RE: the DC Metro - AFAIK the central system software goes back to
the mid-70s, way before Ada. Metro is secretive (terrorism paranoia?)
and I've never been able to find out much.

However, since Metro has been ordering its railcars from Europe
(Breda in Italy is the prime contractor), it is conceivable that
there's some Ada in the on-board systems in the newer trains.
I have no idea how we could find this out, though.

According to recent stories in the Washington press,
the problems with the automatic system are coming not from the
software but from a low-tech part of it, namely the thousands of
old relays. After some legal wrangling with the supplier, they'll
be replacing these.

Interestingly, the automatic system drives trains better than the
humans do. Metro has had, recently, a recurring problem with
the train brake systems - they are wearing out faster than
expected because the human drivers don;t apply them as smoothly
as the automatic system does. _Nothing_ is easy in this business!
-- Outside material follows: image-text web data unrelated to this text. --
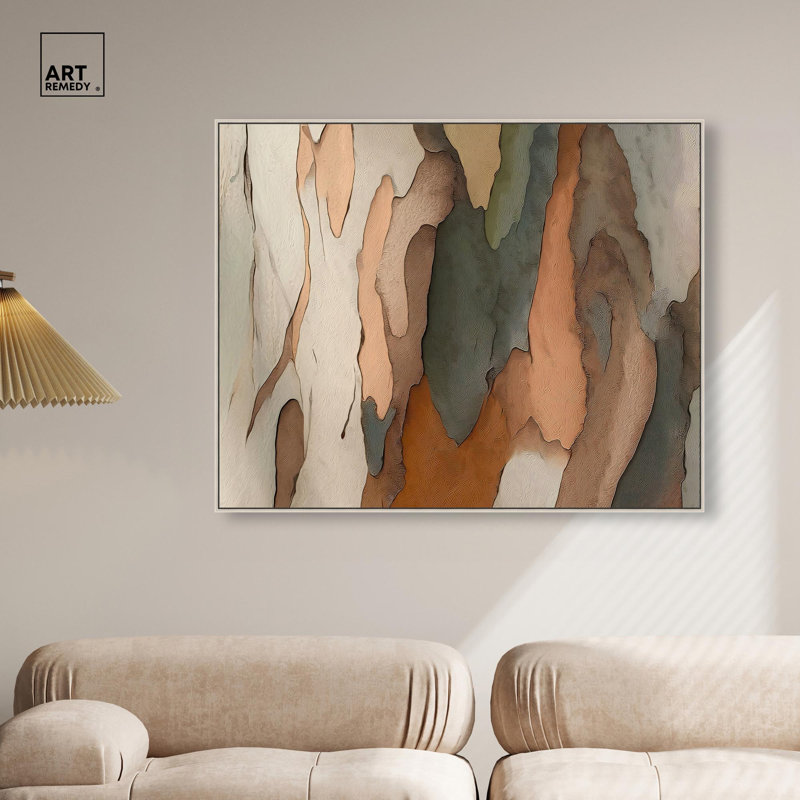 Impression sur toile Bark Layers par Art Remedy, cadre argenté, 45 x 36, H 37 po x l 46 po, Cadre argenté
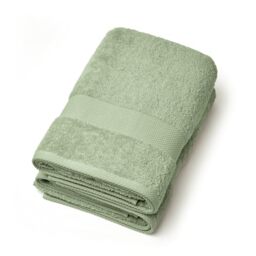 Pure Cotton Set of 2 Bath Towels in Combed Cotton, 570 g/m², Oeko-TEX Certified, Washable at 40°C, 2-Piece Absorbent Bath Mat, 70 x 140 cm, Almond Green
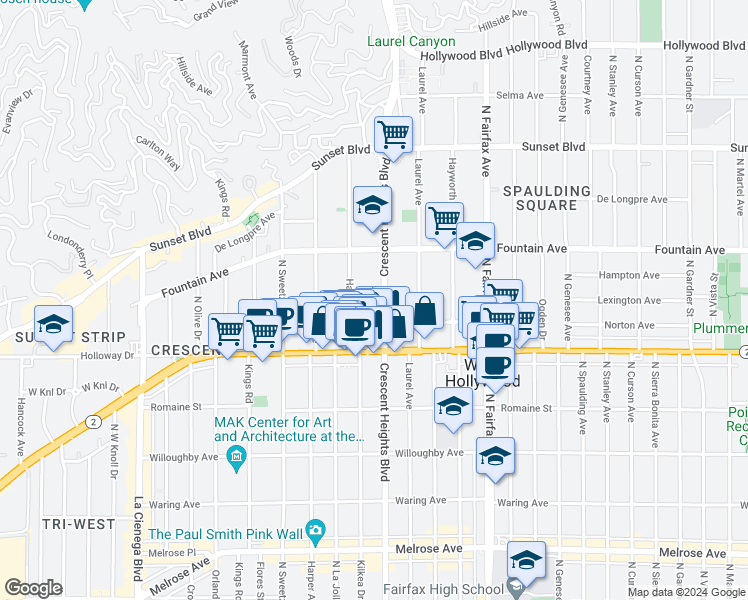 map of restaurants, bars, coffee shops, grocery stores, and more near 8109 1/2 Norton Avenue in West Hollywood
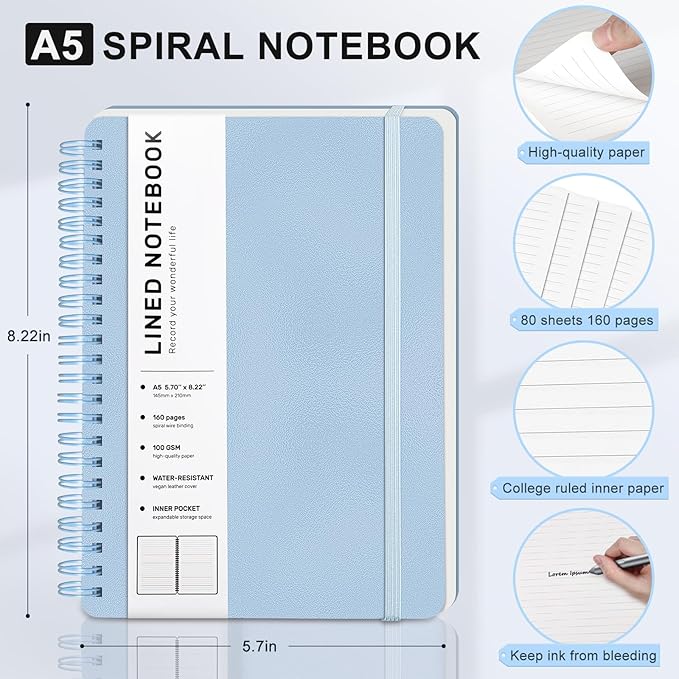 ABERLLS Blue Lined Spiral Journal Notebook with 160 Pages, 8×5.7in, A5 Spiral Notebook, Journaling Notebooks for Work, School, Women, Men, College Ruled Spiral Notebook, Hardcover Leather Journals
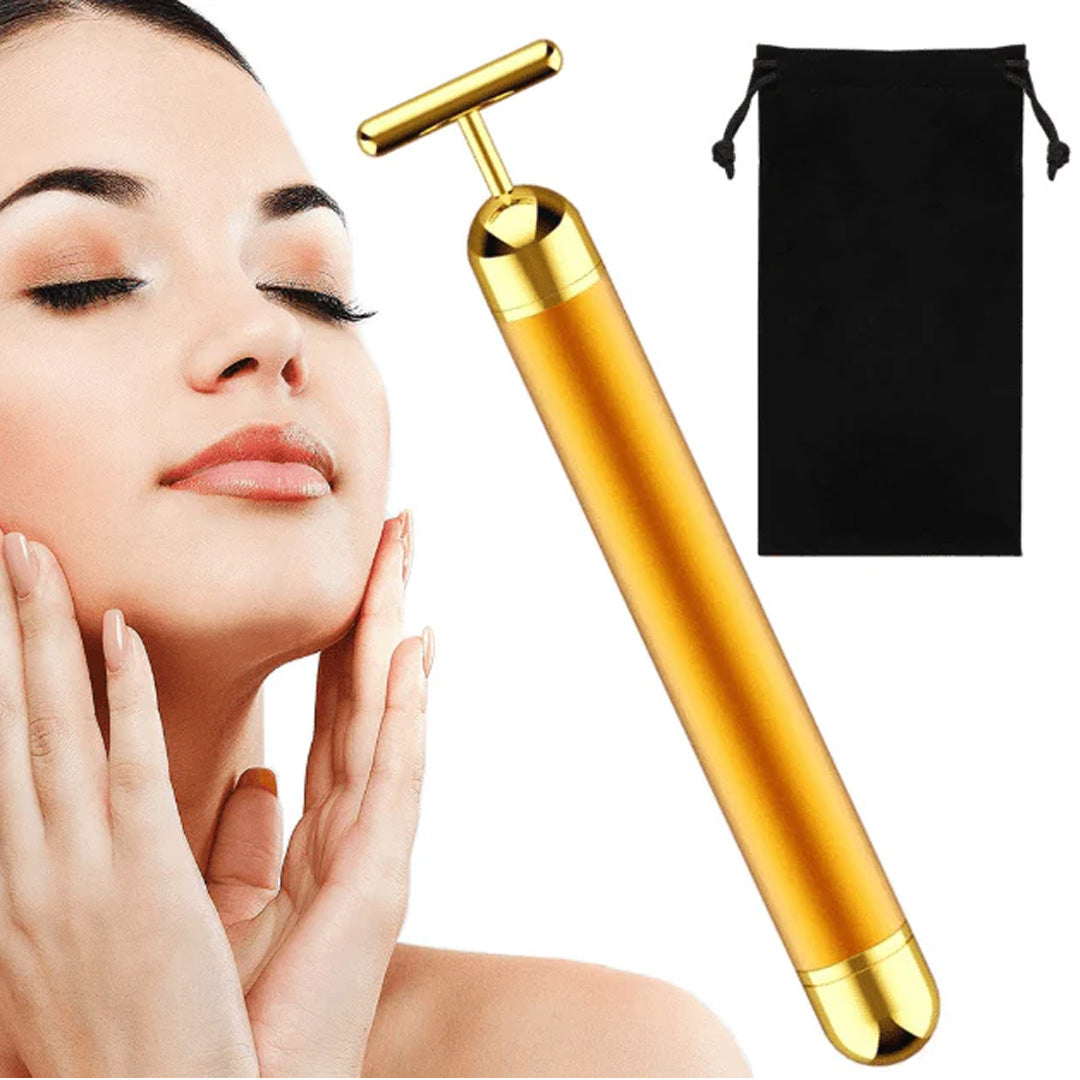 V-Shaped Electric Facial Massage Bar 24K Gold Face Lifting Massager Tool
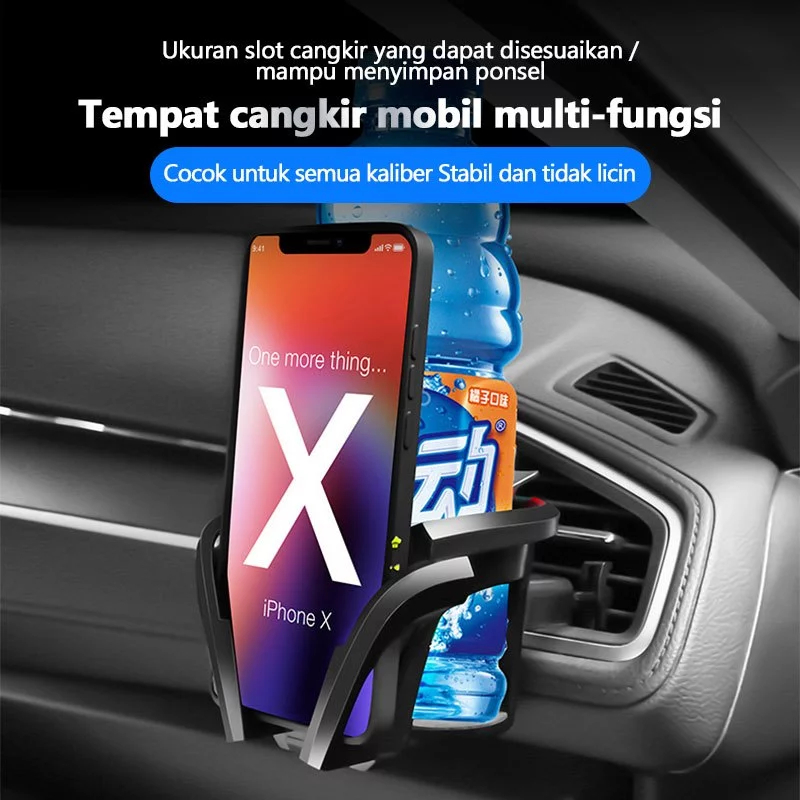 2 In 1 Dudukan Hp Mobil & Tempat Botol Universal Anti Goyang Cocok Avanza/Xenia/Ertiga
A more interesting factoid is that Ada could be coming to the
New York subway in large quantities. NYCTA is doing some prototyping
of automatic controls using (among other apparently competing systems)
the system used in Paris in the new Line 14. There is a piece on Line 14
(a.k.a. Meteor) in the project briefs library linked from

http://www.acm.org/sigada/education

The story there is a bit old; the line has been in operation now
for exactly a year, running without drivers in the trains, and
(as far as I know from the French rail stuff I read) without
problems. This one line (of 14 urban metro and 4 express metro
lines) is carrying about 100,000 pasengers a day.

The New York project will not eliminate human operators, among
other reasons because trains will switch between automatically
and manually switched lines for many years till they do the whole
system. They are first doing a piece of a lightly-traveled
shuttle service, then one full line (Canarsie) where trains
run end-to-end without switching lines, then (presumably) they'll
start converting the whole system. If the Meteor system wins
the competition, Ada will be all over (and under) New York.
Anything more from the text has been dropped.